Czy można stworzyć historię walki o dziecko unikając przesady? Reżyser Dariusz Gajewski udowadnia, że tak. Zaprezentowane podczas 40. Festiwalu Filmowego w Gdyni Obce niebo poruszyło publiczność.
Barbara, Marek i ich dziewięcioletnia córka Ula (debiutująca Barbara Kubiak) to jedna z wielu polskich rodzin mieszkających w Szwecji. Spowodowane brakiem perspektyw narastające frustracje doprowadzają do coraz częstszych konfliktów między dorosłymi. Pozbawiona poczucia bezpieczeństwa dziewczynka zaczyna zamykać się w sobie. Zmianę jej zachowania zauważa nauczycielka, która powiadamia miejscową opiekę społeczną. W wyniku kłamstwa i nadinterpretacji pewnych wydarzeń Ula trafia do rodziny zastępczej. Młode małżeństwo podejmuje nierówną walkę z systemem.
Historia nakreślona przez Gajewskiego jest prosta. Reżyser bazuje przede wszystkim na stereotypach i kontrastach. I to jest właśnie siłą obrazu. Zabieg ten pozwolił skupić całą uwagę widza na głównym problemie. Przeprowadzka do bogatszego kraju miała być przepustką do nowego, lepszego życia. Stała się jednak początkiem końca rodzinnego szczęścia. Paradoksalnie, wszyscy bohaterowie mają jak najlepsze intencje. Jednak jak wiadomo, to nie niebo, a piekło jest wybrukowane dobrymi chęciami.
– Wzruszająca opowieść dla ludzi o ludziach. Niewymuszony scenariusz, brak maniery w aktorach. Wszystko ukazane w pięknych i surowych zarazem skandynawskich krajobrazach. Właśnie takie filmy powinny znajdować się w repertuarach polskich kin, tuż po projekcji mówiła zasiadająca na widowni Aniela Kiełpińska.
Postać Marka grana przez Bartłomieja Topę to kolejna dobra rola w dorobku aktora, który udowadnia, że potrafi być elastyczny. Równie dobrze spisuje się partnerująca mu Agnieszka Grochowska. Matka Urszuli to postać bardzo wyrazista, pełna rozgoryczenia, obcości, wewnętrznego buntu. Na uwagę zasługuje także grająca bezwzględnie przestrzegającą prawo urzędniczkę, szwedzka artystka Ewa Fröling.

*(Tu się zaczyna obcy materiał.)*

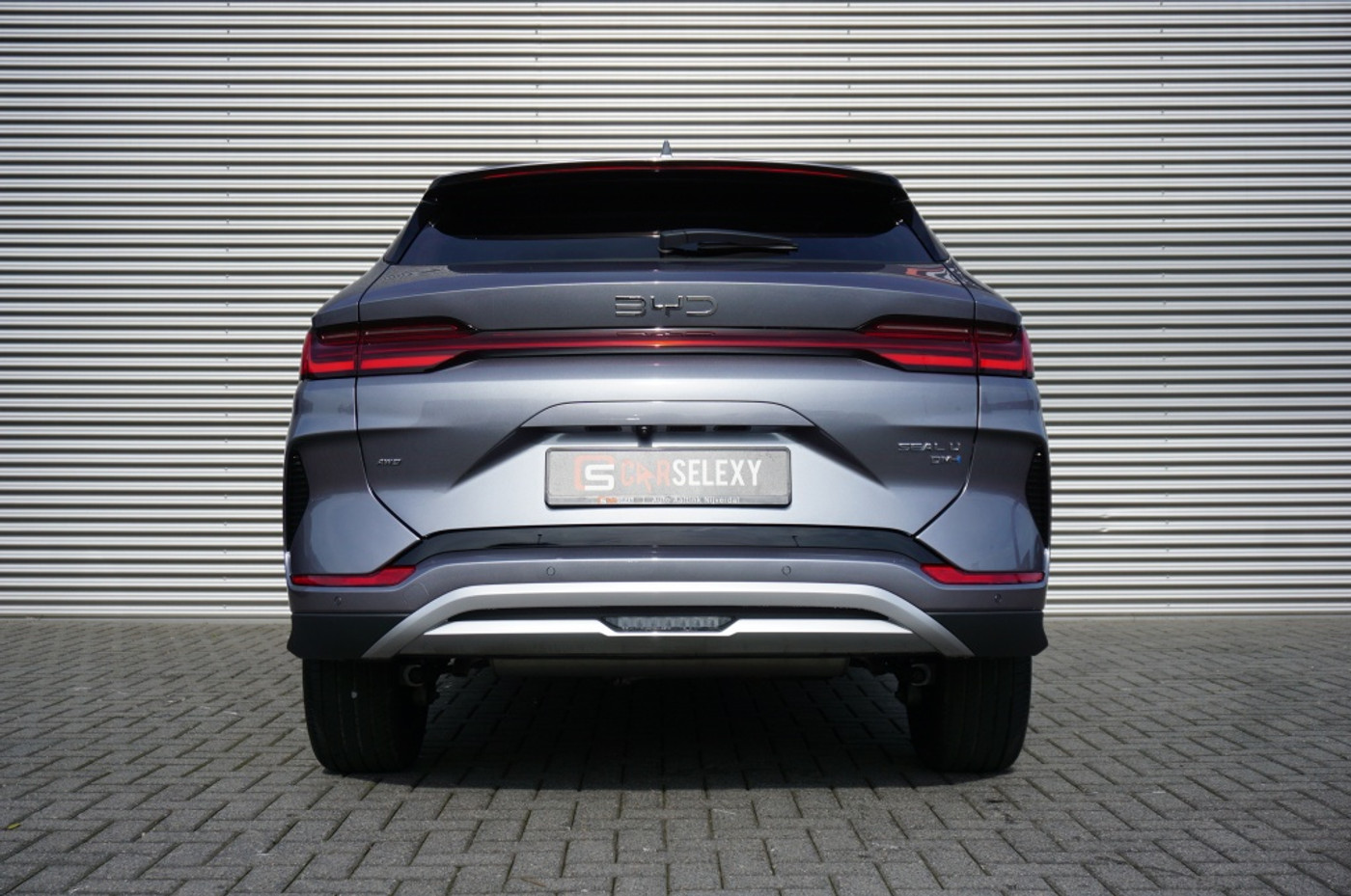 Foto van BYD BYD Seal U Dm-i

Przy użyciu skromnych środków wyrazu – głosu i mimiki – potrafi wywołać w widzu skrajne emocje.
– Gra aktorska zarówno strony polskiej, jak i szwedzkiej jest na wysokim poziomie. Na widza oddziałuje dosłownie wszystko – od mimiki i drobnych gestów po krzyk, który ukazuje bezsilność głównej bohaterki. Brawa dla pani Agnieszki Grochowskiej, komentował widz Marcin Sikorski.
W Obcym niebie na pierwszy plan wysuwają się emocje. I choć przeważają te negatywne, to jest wśród nich także miejsce na miłość. Nie jest to jednak namiętność łącząca dwoje dorosłych ludzi, ale dojrzałe, opiekuńcze uczucie do dziecka. To nie tylko opowieść o walce z bezdusznym systemem i kulturowym niedostosowaniu. To historia o konfrontacji z brutalną rzeczywistością, bezsilności i ludziach, którzy zagubili się w swoim dążeniu do szczęścia.